• **Task goal**
Print exactly the first lines of the records. Stop after the line containing "Atlas 8681-8 O", and leave every picture out.

=== Records for the task ===

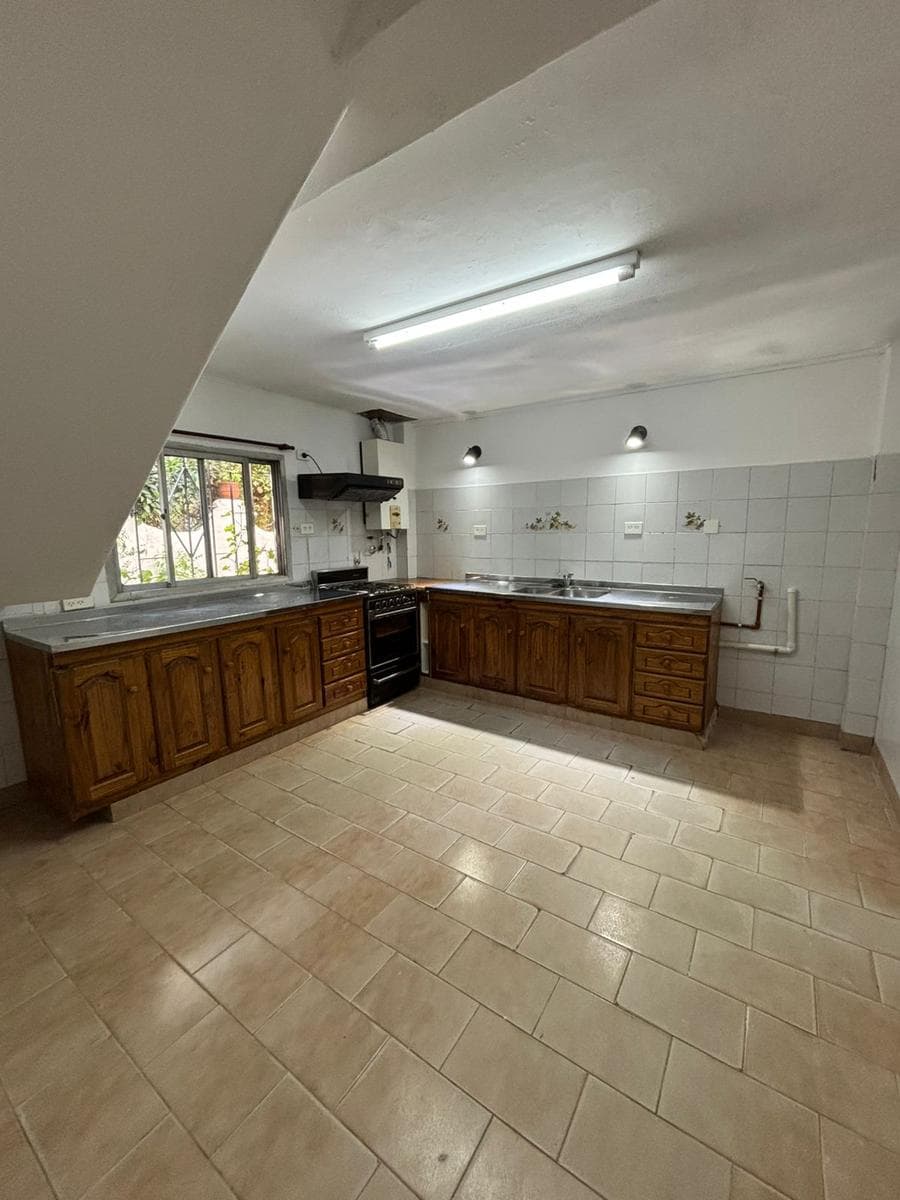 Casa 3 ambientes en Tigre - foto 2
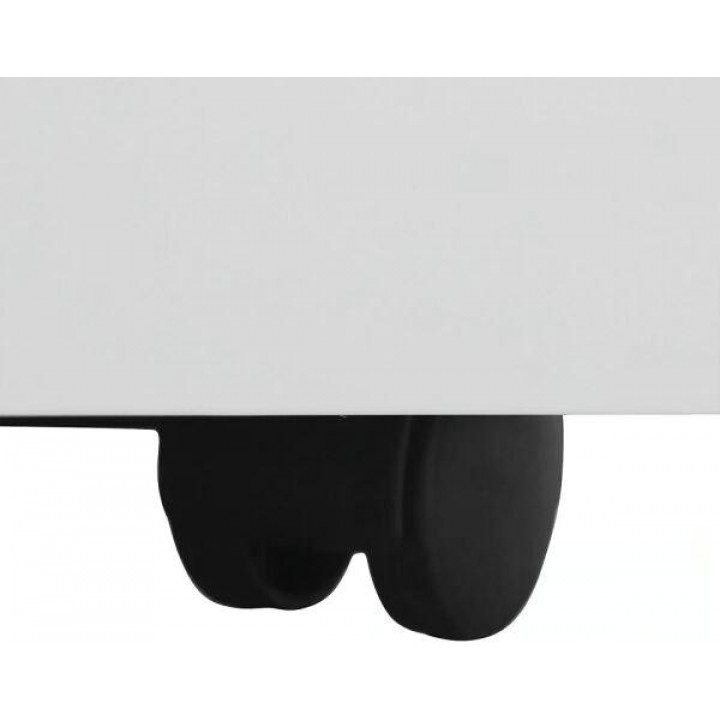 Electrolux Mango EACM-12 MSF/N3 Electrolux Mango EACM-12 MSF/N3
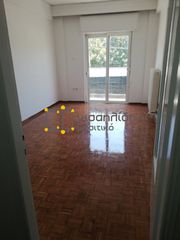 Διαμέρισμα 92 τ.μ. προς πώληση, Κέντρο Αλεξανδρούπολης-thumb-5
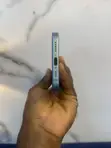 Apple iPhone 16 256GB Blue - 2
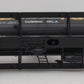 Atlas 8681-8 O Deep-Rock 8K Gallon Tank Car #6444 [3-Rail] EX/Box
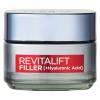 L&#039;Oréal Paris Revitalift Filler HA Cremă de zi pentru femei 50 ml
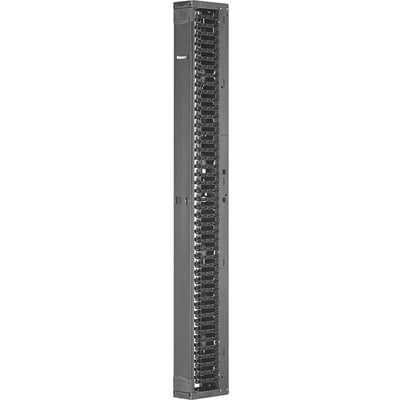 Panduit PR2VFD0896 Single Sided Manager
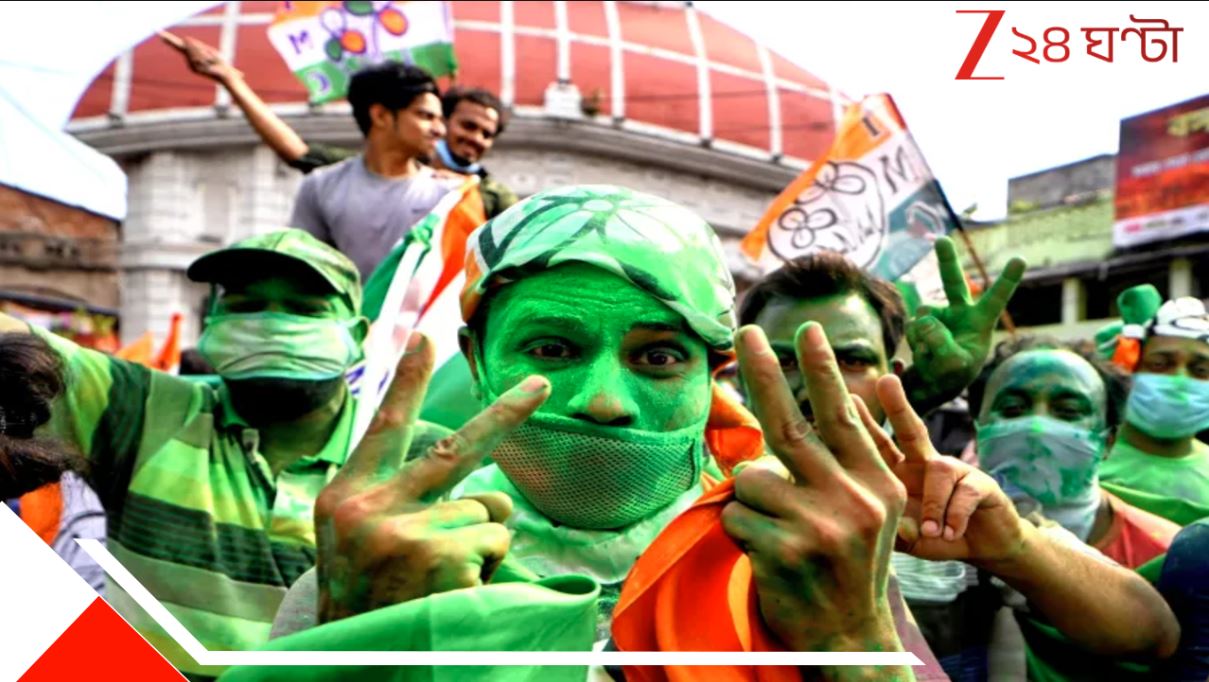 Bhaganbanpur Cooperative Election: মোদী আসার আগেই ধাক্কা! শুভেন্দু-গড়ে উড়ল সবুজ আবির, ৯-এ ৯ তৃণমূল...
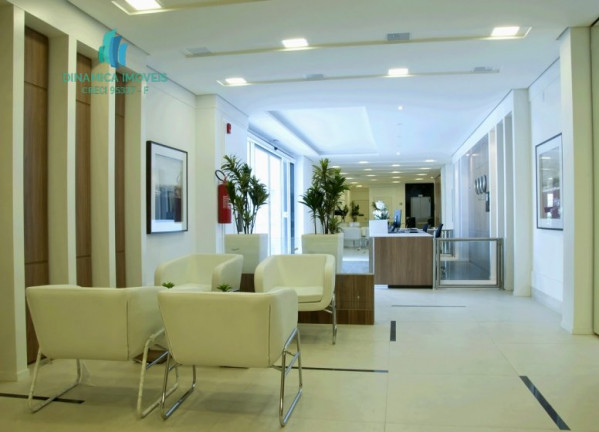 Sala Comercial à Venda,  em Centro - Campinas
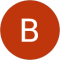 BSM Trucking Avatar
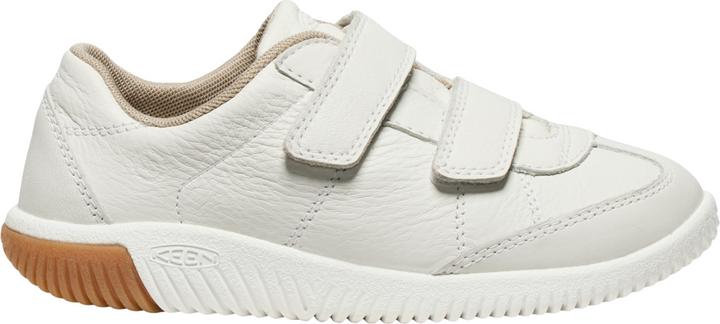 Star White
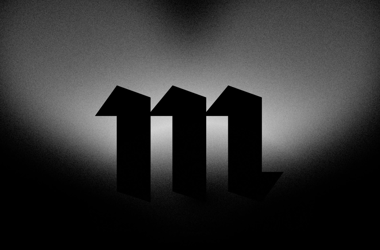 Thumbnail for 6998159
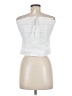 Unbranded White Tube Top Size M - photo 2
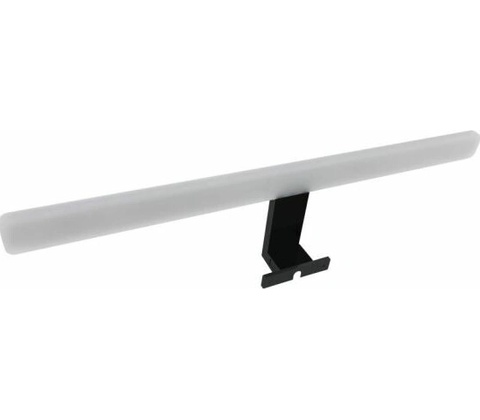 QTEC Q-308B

===

• **Written response**
 Casa 3 ambientes en Tigre - foto 2
 Electrolux Mango EACM-12 MSF/N3 Electrolux Mango EACM-12 MSF/N3
 Διαμέρισμα 92 τ.μ. προς πώληση, Κέντρο Αλεξανδρούπολης-thumb-5
 Apple iPhone 16 256GB Blue - 2
 Atlas 8681-8 O Deep-Rock 8K Gallon Tank Car #6444 [3-Rail] EX/Box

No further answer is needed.